Travelling the US/Canada in the winter is completely doable. Some things to note
1)A 4x4 doesn't mean you won't slip and fishtail, just means the likelihood if you getting stuck in snow is less. I have driven small 2 wheel cars in snow and watched 4x4 jeeps do 360s around me. The trick is easy on the gas and break, maintaining a constant in control speed.
2) Snow chains are only required in some places and not all, most of the time only big trucks require them. Again this is local jurisdiction rules and varies, in my experience I have never required them in well traveled areas.
3) As a note most interstates (I-## roads) and some US routes (US##) are consistently plowed. Basically the places that are used to dealing with snow, get it cleaned fast. The places are that are not used to getting tons of snow are slower (such as the Washington, DC area). However if any place gets dumped on, you are screwed for a few days anyway no matter what you are driving, cause they usually just shut down the roads.
4) I wouldn't too much about Canada, lived there for many years, and they consistently clean the roads. However like the above comment, if they get dumped on, you are screwed no matter what you drive.
5) Road closures, a lot of the places out west in the Mountains have winter road closures. Some mountain passes are not maintained so you can't get to them in the winter anyway. Examples are Yosemite's Tioaga road, most of Yellowstone National Park, sections of Rocky Mountain National Park, Grand Tetons National Park. So before you go, find out of the roads are open. Also purchace an annual national parks pass, its good for 1 car load (or 4 people) $80, most national park fees range from free-$10-$25+. You can get them at any fee station. BTW, I highly recommend checking out Yellowstone National park in the winter, it's a bit more expensive, as you have to pay for shuttle in and lodging in the Park.

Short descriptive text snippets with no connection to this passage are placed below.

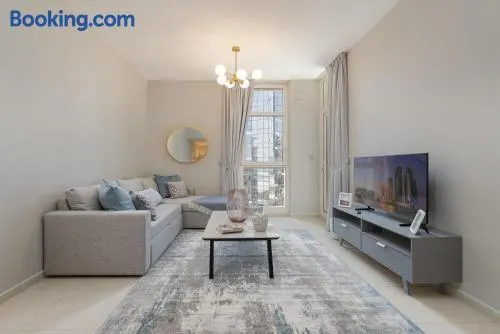 Urban Chic - Mangrove Place - Image 1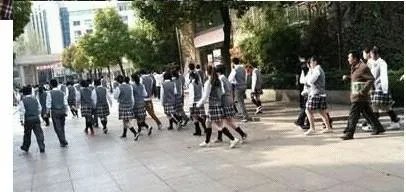 南通哪所中学的校服像霍格沃兹学院的校服？最好有照片！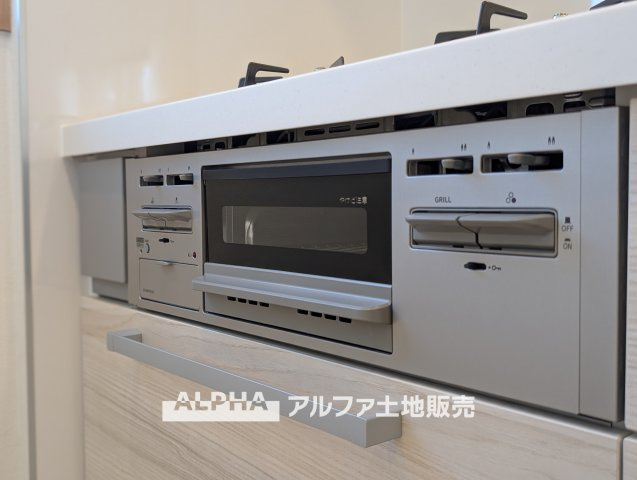 【Gas　range】　◆ガスレンジ◆ホーローレンジは丈夫で汚れにくく、お料理の後もさっと拭くだけで清潔。毎日の家事をラクにし、ご家族の笑顔を支える嬉しい設備です。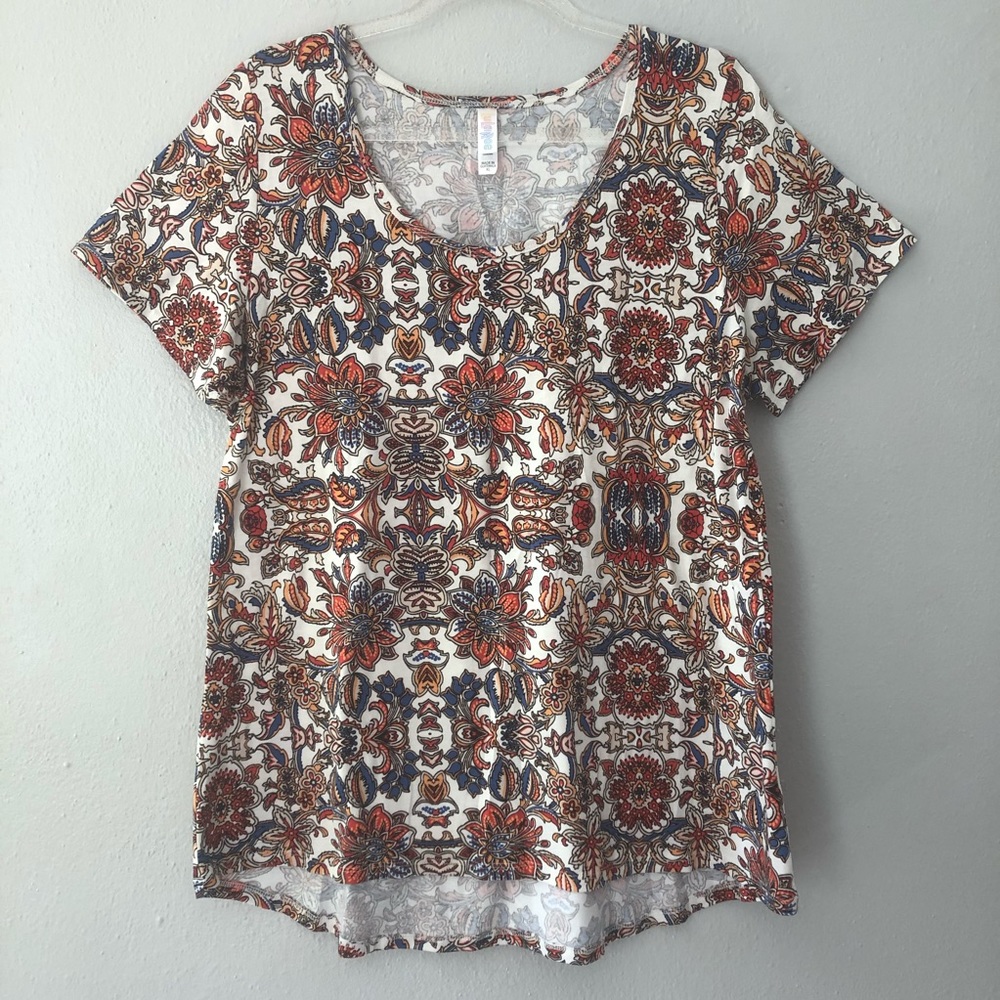 SOLD LulaRoe, Classic T. Paisley Print.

6) Emergency gear. If you plan on travelling a lot in winter conditions and in remote places, pack a nice winter sleeping bag (rated 0C or lower preferred), a camp stove, a few liters of water and food. This is in case you encounter blizzard conditions and you have to shelter in place. I have yet to have to do this, but just in case.... Also to note, most campsites are closed in the winter, camping on the side of the road is generally frowned on in the US.
Road-Tripping-USA, hope you guys have a blast!